対バンの人たちもアルバイトや会社員をしながらバンドをやっている人がほとんどで、それなりに有名なバンドのメンバーでもバイトしながら活動しているという話はしょっちゅう耳にしました。

◆ちょっと余談
余談ですが、僕のやっていたバンドが主催で地元のライブハウスで海外バンドの来日ツアーをサポートしたことがありました。

ライブ終演後、ライブハウスの外に出たら大学生くらいのお客さんたちに「めちゃくちゃよかったっす!」と声をかけられて音楽トークで盛り上がってるところに、うちのバンドのメンバーに「(会場代とチケットノルマの)清算だよ!」と呼び出されたので、「ちょっと用事があるから行くね、ありがとね!」とお客さんたちに声をかけてその場を立ち去ると、その子たちが「え、あのバンドでもギャラもらってるんじゃなくてお金払ってるの...?」と話しているのが後ろから聞こえたのをよく覚えています。
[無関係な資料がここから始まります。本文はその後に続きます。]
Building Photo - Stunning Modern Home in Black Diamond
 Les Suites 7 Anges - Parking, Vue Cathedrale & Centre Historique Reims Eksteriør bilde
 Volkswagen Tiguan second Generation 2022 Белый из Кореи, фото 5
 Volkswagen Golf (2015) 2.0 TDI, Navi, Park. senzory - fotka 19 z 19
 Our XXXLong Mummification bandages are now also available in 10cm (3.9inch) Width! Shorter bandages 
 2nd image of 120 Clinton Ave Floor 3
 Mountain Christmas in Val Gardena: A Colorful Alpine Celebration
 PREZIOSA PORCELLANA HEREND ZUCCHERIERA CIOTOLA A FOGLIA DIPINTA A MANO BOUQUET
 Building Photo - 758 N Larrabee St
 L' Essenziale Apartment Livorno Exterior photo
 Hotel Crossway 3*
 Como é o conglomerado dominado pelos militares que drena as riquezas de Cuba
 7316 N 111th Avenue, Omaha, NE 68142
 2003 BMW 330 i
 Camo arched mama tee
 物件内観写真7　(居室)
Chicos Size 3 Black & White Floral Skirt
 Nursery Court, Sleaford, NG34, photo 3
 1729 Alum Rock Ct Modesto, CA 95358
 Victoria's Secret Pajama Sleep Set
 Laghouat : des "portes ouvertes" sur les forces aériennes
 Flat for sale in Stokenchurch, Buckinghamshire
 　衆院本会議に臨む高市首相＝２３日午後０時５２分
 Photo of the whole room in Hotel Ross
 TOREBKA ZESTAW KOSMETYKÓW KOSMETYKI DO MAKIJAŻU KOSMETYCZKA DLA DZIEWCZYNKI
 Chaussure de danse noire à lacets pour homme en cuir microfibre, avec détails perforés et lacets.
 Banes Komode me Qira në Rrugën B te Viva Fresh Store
たぶん彼らもバンドマンだったんじゃないかと思うけど、夢を壊すようなことをしてしまって申し訳なかったなぁとふと思い出すことがあります。。

実際、精算でライブハウスの箱代と海外バンドへのギャラを払ったらプラマイゼロか若干マイナスくらいだったので経済的には夢もクソもないですけどね。。笑

「バンドマンはお金がない」のには理由がある

僕はライブハウスで働いたことはないですがバンド活動を通じて近くで見ていて思ったのは、ライブハウス側も『お金はないけど夢はあるバンドマンたち』からお金を徴収することでどうにかお店を運営できているのだと思います。

街の小さなライブハウスのお客さんはライブハウスを利用するバンドとそのお客さんです。彼らがライブに出演するために払う会場代やチケットノルマと、そのバンドのお客さんが飲むドリンク代が主要な売り上げになっているはずです。

たまに有名なバンドもツアーで回ってきたりして「チケットがソールドアウト、お客さんパンパンでドリンクもバンバン売れるお祭り状態!」ということもあるでしょうが、それも毎日・毎週末というわけにはいかないでしょう。

なので普段はブッキングライブと称して、夢見るアマチュアのバンドマンたちを5バンドくらい集めて、ひとバンドあたり2~3万円のチケットノルマ(チケット1枚1500円×20枚分とか)を徴収して営業してるわけです。

※ちなみにチケットノルマとは「ライブハウスまたは興行主が出演者に課すチケット代金」のことです。出演者がお客さんにチケットを売れなかった分は出演者自身が払わなくてはなりません。(小耳に挟んだ話では役者さんとか芸人さんも小劇場で講演をする際にこういうシステムがあるらしいですね)

このようなシステムの中で経験を積んで仲間を増やし切磋琢磨していき、音楽的にも人間的にも魅力のあるひと握りのバンドたちが活躍して、さらにその中のほんのひと握りの人たちがブレイクしていくのです。

今ここでライブハウスの運営システムを批判するつもりはないですが、正直バンドマンの負担はかなり大きいです。

それでもなおこのような活動を続けるのはなぜか?というと、みんな「それが普通」「そういうものだ」と思っているからです。だからバンドマンはお金がないんです。

音楽クリエイターになってから思ったこと

過去のnoteでも書きましたが、僕はバンドを辞めたあと個人で音楽クリエイターとして活動を始めました。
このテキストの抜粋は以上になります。